Later, the agreement continued to spawn new offspring, with the establishment of signal interception bases (Sigint) and communications interception bases (Comint), on the coast of Coco Island, on the Ramree, Hainggyi and Zadetkyi Kyun (St. Matthew's) Islands, not forgetting the station at the Monkey Point naval base in Rangoon.

These stations are directed at India, Thailand, Bangladesh, and, of course, at maritime traffic, including the ships of the American fleet. China has invested massively in this technical cooperation and in the installation of numerous less important antennae. Thousands of advisers from the Chinese Popular Liberation Army (PLA) have given the Burmese a hand in this domain, including in the setting up of mobile Sigint units to fight the minority Wa, Chan, Karen, and other guerilla movements.

Tsunami Setback: A Base Destroyed on Coco Island

Author of a recent book of the story of Sigint in Burma, "Burma's Military Secrets" (White Lotus Press, Bangkok), Australian specialist Des Ball, whom I met the beginning of this year in Canberra, is even more specific:

"An important dimension of Burma's new capacities in Electronic Warfare is its ability to collect electronic naval intelligence (Elint) thanks to the material loaded on the Chinese Hainan class patrol boats. Which allows them to intercept, identify, and locate radar activities in their operational areas of interest, for example, on the coast, but also at the northern entry to the Strait of Malacca."

Which is to say that significant resources greatly benefit the Chinese, who assure their co-management. Nonetheless, Beijing suffered a setback in December 2004 because of the tsunami: Coco Island's Sigint base - 50 km north of the Andaman Islands, which belong to India - was destroyed.
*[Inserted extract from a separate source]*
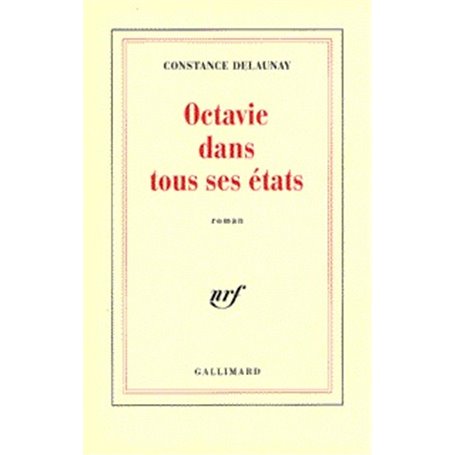 Octavie dans tous ses états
It has not been repaired since then.

At the time, General Qiu Rulin, then head of the Third Department of the PLA's General Staff (in charge of interception questions) did not succeed in obtaining that station's restoration. Meanwhile, in October 2004, the head of military intelligence (Defense Service Intelligence) and Prime Minister, General Khin Nyunt, had been dismissed from power. Now he had been at the heart of the Chinese-Burmese intelligence exchange apparatus and, at the time, the Chinese officials involved did not hide their concern. All the more so as, somewhat later, overtures in India's direction began to loom.
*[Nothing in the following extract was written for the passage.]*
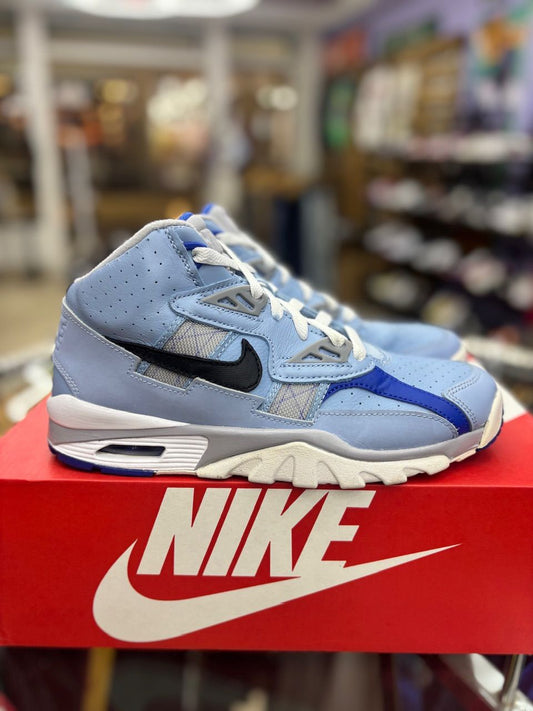 Nike Air Trainer SC High Kansas City Royals (GS) - Used/Worn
Muted Struggle Between China and India

General Thura Shwe Mann, Head of the Interservice General Staff and the junta's Number 3, was dispatched to Beijing to reassure the PLA's strategists. In 2006, he officially met with Chinese Prime Minister Wen Jiabao. He is considered "Beijing's man" and just recently, in May, according to Western intelligence sources, he made a secret trip to China to seal Chinese-Burmese cooperation.

In Beijing, they also feared that the junta's assistant chief, General Maung Aye, rather favorable to opening towards India, might become the "Number One." So this half-Chinese was invited to a discreet meeting in Kunming (in China) at the end of 2006. During that meeting, the Chinese generals were guaranteed that their apparatus in Burma would not be threatened should the man who had provoked the fall of their friend, General Khin Nyunt, be promoted. In particular as far as their vast technological espionage apparatus - now under the control of intelligence head and regional military boss for Rangoon, General Myint Swe (also nephew to Than Shwe, the junta leader) - was concerned.
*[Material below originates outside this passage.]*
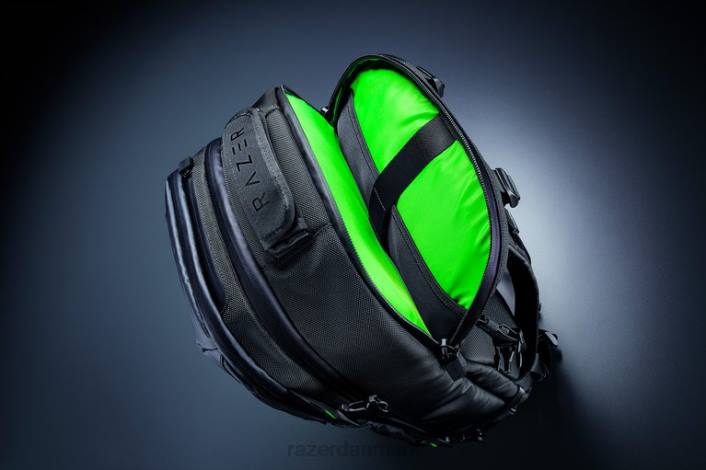 sort gear 44RF210 rogue rygsæk v3 Razer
In Beijing, the Popular Liberation Army must weigh in heavily in favor of a muscular form of intervention in Rangoon, while the more political leaders clearly see the danger that a violent repression would represent one year away from the Olympic Games. Preaching calm, they nonetheless also feel that the peaceful surge of Burmese demonstrators may give ideas to Tibet, or even to Beijing, where the Falun Gong Sect could once again get itself noticed as it did during the big peaceful demonstration of April 1999. A real brain-teaser for President Hu Jintao and the new class of generals he promoted this summer.